Uber has ousted its chief security officer after it was revealed that the company “covered up” a massive cyberattack that compromised the personal information of more than 57 million users.
Chief security officer Joe Sullivan and deputy Craig Clark both resigned recently in response to the attack, which was disclosed earlier today by Bloomberg News reporter Eric Newcomer. The cyberattack is believed to have affected more than 50 million users and seven million drivers.
Uber CEO Dara Khosrowshahi, who replaced founder Travis Kalanick as CEO earlier this year, stated that “none of this should have happened,” referencing the attempt by Uber to hide the full effects of the hack. He also stated that Uber “will not make excuses” for the decision.

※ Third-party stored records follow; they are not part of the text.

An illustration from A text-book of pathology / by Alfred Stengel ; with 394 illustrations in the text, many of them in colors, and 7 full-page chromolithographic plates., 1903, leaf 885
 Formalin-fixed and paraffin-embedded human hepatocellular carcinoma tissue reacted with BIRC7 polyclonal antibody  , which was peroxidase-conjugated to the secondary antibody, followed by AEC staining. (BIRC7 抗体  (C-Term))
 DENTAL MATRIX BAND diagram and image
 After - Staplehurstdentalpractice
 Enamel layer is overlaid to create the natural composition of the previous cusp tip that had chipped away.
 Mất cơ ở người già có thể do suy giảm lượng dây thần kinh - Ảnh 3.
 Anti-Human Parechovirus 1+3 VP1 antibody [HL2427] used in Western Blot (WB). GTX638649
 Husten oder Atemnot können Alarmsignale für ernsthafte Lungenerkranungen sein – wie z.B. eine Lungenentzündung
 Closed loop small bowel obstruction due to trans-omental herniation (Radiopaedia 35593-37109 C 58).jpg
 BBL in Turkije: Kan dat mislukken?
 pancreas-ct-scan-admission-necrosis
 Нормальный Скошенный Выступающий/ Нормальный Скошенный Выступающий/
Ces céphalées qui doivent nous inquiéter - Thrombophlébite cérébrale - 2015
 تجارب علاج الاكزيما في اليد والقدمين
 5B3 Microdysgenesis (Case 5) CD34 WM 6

According to reports, former CEO Travis Kalanick was informed of the hack late last year. Uber did not disclose any information about the cyberattack to its drivers or users, potentially creating privacy issues for its customer base.
The hacked data included the names, phone numbers and email addresses of approximately 50 million Uber customers. Around seven million drivers were affected, with driver’s license data for approximately 600,000 people compromised.
The hackers reportedly targeted Uber’s Amazon cloud account, “breaking in” to the company’s online records. Uber paid out $100,000 to the hackers to ensure the security break-in wouldn’t become public and prevent the data from being shared with others.
Sullivan, who has attracted much of the public attention for the “coverup” of the hack, joined Uber in 2015. He previously worked for Facebook as an online security specialist, as well as auction platform Ebay.
Uber representatives have publicly stated that the hack did not affect sensitive user data, such as credit card numbers, location information or bank account data. The hackers also failed to access private personal information such as social security numbers or birth dates.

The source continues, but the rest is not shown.